- **DIRECTIONS**: Leave out the pictures, and copy exactly the lines from the line with "Ray-Ban RB2132 New" through the last line of the data below.

- **THE INPUT**:
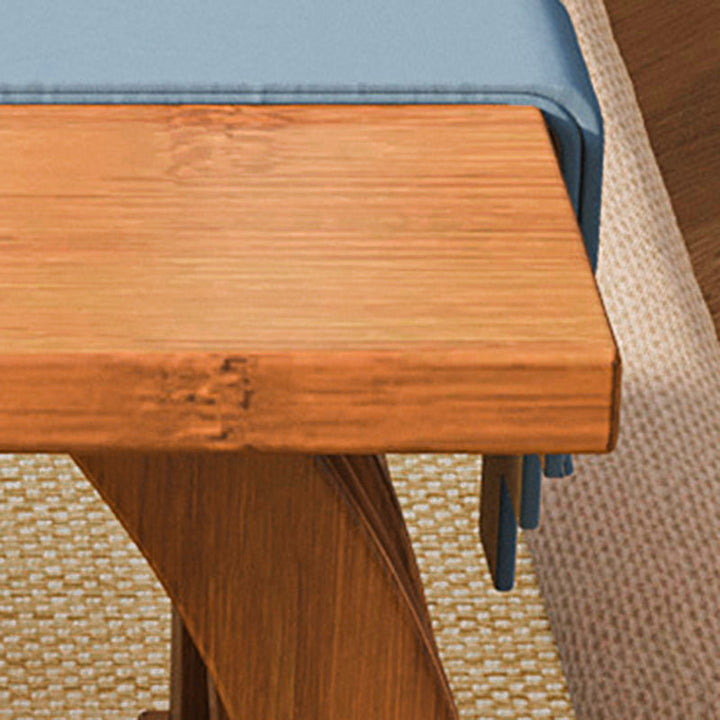 Mesa de centro rectangular curva de bambú de estilo chino tradicional para sala de estar 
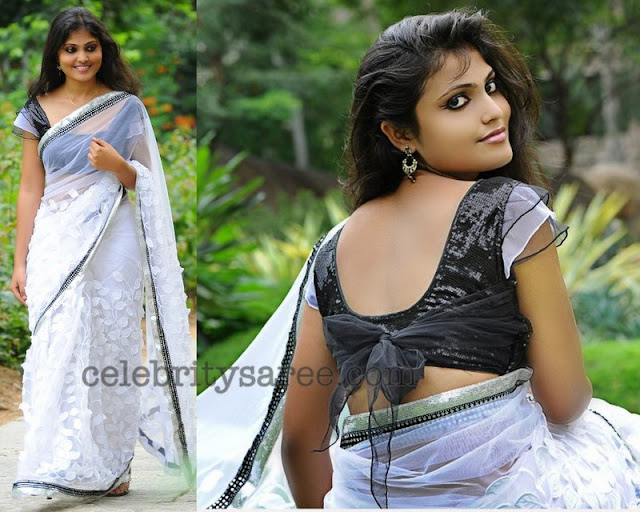 White Stylish Saree with Velvet Blouse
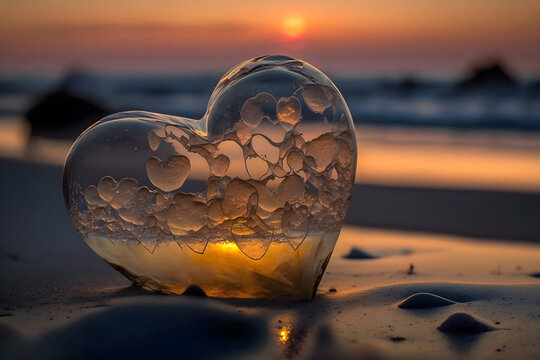 AI Generative, Romantic Honey Moon Travel concept, Transperancy heart with sunset rays refraction in a beach sand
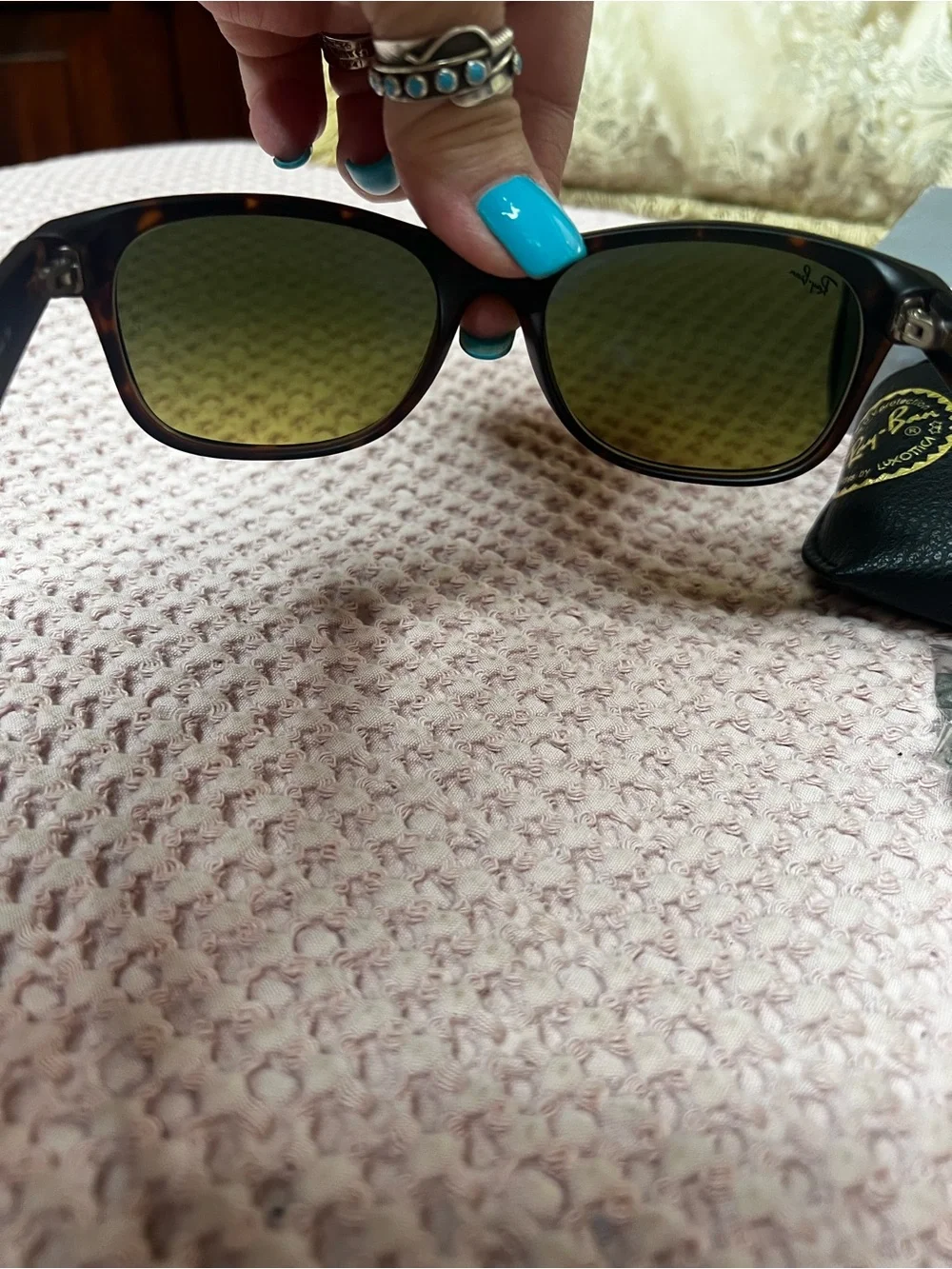 Ray-Ban RB2132 New Wayfarer 894/76 Tortoise Green Sunglasses 55mm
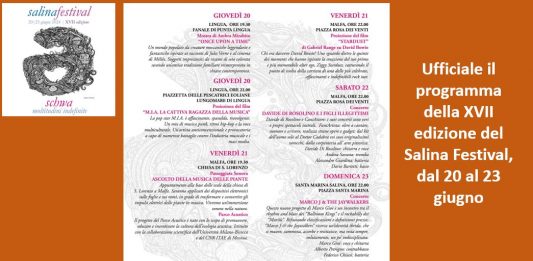 Ufficiale il programma della XVII edizione del Salina Festival, che si terrà dal 20 al 23 giugno
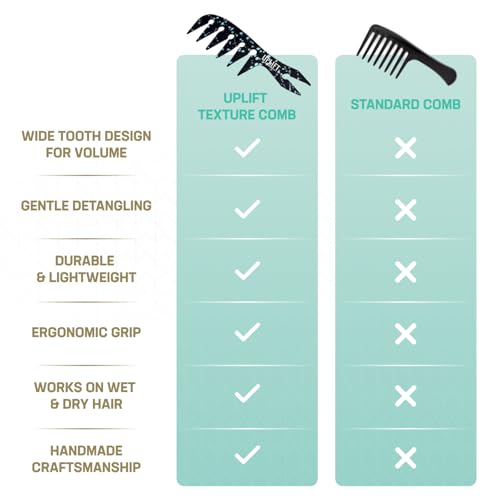 Peine Uplift Provisions texturizador dientes anchos negro miniatura 6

- **TASK SOLUTION**:
 Ray-Ban RB2132 New Wayfarer 894/76 Tortoise Green Sunglasses 55mm
 Ufficiale il programma della XVII edizione del Salina Festival, che si terrà dal 20 al 23 giugno
 Peine Uplift Provisions texturizador dientes anchos negro miniatura 6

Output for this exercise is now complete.